BMC Bioinformatics 2006, 7:279  doi:10.1186/1471-2105-7-279

Published: 2 June 2006

Abstract

Background

Identifying functional elements, such as transcriptional factor binding sites, is a fundamental step in reconstructing gene regulatory networks and remains a challenging issue, largely due to limited availability of training samples.

Results

We introduce a novel and flexible model, the

    O
ptimized
    Mi
xture
    Ma
rkov model (OMiMa), and related methods to allow adjustment of model complexity for different motifs. In comparison with other leading methods, OMiMa can incorporate more than the NNSplice's pairwise dependencies; OMiMa avoids model over-fitting better than the Permuted Variable Length Markov Model (PVLMM); and OMiMa requires smaller training samples than the Maximum Entropy Model (MEM).

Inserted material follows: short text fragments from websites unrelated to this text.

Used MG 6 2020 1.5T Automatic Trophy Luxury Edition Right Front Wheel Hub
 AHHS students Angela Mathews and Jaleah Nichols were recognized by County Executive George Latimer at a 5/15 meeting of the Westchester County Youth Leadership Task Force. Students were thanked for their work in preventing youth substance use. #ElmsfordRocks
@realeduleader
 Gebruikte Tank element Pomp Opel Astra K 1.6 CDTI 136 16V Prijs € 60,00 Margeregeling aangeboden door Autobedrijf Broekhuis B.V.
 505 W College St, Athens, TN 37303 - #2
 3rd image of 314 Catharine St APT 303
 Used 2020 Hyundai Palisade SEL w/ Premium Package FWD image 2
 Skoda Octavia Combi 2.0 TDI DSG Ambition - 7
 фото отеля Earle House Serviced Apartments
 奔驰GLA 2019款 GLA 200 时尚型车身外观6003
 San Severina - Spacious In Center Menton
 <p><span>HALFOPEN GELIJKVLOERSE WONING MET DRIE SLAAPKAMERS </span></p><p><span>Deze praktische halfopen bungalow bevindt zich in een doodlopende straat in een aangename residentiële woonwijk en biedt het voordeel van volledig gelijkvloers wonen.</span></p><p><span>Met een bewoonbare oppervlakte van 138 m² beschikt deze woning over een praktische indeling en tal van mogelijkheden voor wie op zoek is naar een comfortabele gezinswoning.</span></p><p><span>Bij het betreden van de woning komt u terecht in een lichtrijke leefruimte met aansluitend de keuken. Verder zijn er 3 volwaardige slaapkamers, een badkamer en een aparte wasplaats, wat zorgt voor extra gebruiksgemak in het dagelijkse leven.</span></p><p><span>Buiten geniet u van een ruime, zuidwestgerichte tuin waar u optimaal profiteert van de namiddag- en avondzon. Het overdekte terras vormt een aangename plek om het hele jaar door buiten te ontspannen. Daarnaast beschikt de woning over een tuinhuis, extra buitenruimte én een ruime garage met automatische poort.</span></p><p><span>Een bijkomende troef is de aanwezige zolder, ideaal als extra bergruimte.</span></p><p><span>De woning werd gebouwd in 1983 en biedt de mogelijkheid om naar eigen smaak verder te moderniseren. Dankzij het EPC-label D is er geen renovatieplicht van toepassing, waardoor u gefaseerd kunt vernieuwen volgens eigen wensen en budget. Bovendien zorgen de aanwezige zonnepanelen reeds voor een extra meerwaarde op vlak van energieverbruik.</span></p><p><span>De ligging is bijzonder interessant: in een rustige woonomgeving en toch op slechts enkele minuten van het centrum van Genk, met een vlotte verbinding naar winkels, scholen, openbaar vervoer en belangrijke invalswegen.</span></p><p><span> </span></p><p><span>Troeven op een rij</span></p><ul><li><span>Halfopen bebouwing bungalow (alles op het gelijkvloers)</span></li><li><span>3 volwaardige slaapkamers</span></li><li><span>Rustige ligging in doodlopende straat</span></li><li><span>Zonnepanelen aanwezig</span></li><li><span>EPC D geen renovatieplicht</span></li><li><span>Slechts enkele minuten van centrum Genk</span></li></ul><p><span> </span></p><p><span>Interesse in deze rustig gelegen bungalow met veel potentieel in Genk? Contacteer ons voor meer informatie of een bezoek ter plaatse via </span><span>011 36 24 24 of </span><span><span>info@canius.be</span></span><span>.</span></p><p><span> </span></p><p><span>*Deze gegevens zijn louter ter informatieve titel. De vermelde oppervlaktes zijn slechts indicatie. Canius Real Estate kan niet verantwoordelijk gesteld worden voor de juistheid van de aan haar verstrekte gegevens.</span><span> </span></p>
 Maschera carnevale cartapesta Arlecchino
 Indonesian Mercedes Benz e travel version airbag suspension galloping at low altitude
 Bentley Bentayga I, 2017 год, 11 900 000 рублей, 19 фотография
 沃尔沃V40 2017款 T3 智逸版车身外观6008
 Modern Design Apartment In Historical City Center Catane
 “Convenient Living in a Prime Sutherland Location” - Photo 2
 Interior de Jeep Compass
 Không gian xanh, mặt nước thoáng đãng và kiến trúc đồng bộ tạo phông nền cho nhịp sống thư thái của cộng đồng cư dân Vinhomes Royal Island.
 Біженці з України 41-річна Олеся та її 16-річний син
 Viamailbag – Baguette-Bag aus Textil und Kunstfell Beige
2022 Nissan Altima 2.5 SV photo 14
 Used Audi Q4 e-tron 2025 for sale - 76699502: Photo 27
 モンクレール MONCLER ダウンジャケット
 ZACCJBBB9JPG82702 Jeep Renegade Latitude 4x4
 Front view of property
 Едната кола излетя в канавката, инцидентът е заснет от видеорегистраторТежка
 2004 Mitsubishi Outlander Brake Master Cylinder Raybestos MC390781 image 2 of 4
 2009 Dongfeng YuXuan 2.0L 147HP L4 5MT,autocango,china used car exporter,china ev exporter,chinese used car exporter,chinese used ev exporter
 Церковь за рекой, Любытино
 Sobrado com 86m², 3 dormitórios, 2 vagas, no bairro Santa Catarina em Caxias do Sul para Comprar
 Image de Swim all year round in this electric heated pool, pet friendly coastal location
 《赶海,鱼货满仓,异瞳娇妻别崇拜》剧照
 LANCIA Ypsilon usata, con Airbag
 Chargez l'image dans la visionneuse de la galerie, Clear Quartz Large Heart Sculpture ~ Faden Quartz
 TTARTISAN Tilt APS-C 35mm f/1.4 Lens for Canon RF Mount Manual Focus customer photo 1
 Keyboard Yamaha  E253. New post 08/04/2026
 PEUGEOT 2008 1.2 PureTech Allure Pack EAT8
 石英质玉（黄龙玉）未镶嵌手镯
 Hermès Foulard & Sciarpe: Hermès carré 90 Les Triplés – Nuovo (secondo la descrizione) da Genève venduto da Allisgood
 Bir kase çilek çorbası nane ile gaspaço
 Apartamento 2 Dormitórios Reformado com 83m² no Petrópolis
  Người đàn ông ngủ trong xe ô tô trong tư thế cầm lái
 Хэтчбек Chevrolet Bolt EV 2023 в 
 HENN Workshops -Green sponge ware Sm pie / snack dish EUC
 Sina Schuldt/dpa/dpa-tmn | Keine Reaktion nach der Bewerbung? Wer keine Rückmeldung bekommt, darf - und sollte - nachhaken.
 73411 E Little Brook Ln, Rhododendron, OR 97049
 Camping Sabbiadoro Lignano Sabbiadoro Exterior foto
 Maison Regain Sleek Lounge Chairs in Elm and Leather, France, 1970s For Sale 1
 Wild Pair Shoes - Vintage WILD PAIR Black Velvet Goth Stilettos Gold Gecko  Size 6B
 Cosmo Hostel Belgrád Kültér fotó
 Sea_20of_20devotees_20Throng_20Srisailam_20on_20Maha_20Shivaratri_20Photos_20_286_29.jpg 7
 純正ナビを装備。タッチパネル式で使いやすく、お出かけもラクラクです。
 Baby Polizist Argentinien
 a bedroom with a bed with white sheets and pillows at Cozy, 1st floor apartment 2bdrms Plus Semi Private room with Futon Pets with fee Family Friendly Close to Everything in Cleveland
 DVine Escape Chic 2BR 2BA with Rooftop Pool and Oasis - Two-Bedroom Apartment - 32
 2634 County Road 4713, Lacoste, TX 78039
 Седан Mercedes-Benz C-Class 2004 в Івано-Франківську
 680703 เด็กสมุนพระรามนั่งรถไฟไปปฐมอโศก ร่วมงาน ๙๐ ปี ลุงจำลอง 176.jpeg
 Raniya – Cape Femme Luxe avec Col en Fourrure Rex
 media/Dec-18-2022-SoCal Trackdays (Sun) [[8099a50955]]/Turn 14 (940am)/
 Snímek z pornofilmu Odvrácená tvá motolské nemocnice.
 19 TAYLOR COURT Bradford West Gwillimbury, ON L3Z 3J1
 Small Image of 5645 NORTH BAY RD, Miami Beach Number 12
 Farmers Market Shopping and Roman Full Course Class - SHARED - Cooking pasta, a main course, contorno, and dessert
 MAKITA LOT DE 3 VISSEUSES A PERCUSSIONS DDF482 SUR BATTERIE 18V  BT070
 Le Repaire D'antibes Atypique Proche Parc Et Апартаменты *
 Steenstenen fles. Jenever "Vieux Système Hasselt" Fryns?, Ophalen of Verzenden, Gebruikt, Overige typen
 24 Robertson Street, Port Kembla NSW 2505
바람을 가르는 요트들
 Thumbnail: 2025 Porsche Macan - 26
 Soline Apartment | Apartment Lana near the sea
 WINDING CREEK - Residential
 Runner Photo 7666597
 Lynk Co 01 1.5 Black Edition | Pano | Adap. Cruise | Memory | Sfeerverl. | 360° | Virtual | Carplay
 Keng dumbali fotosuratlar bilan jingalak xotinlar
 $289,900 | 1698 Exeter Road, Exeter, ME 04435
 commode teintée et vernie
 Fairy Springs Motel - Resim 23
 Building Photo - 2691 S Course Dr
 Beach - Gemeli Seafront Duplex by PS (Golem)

Testing on both simulated and actual data (regulatory cis-elements and splice sites), we found OMiMa's performance superior to the other leading methods in terms of prediction accuracy, required size of training data or computational time. Our OMiMa system, to our knowledge, is the only motif finding tool that incorporates automatic selection of the best model. OMiMa is freely available at [1].

Conclusion

Our optimized mixture of Markov models represents an alternative to the existing methods for modeling dependent structures within a biological motif. Our model is conceptually simple and effective, and can improve prediction accuracy and/or computational speed over other leading methods.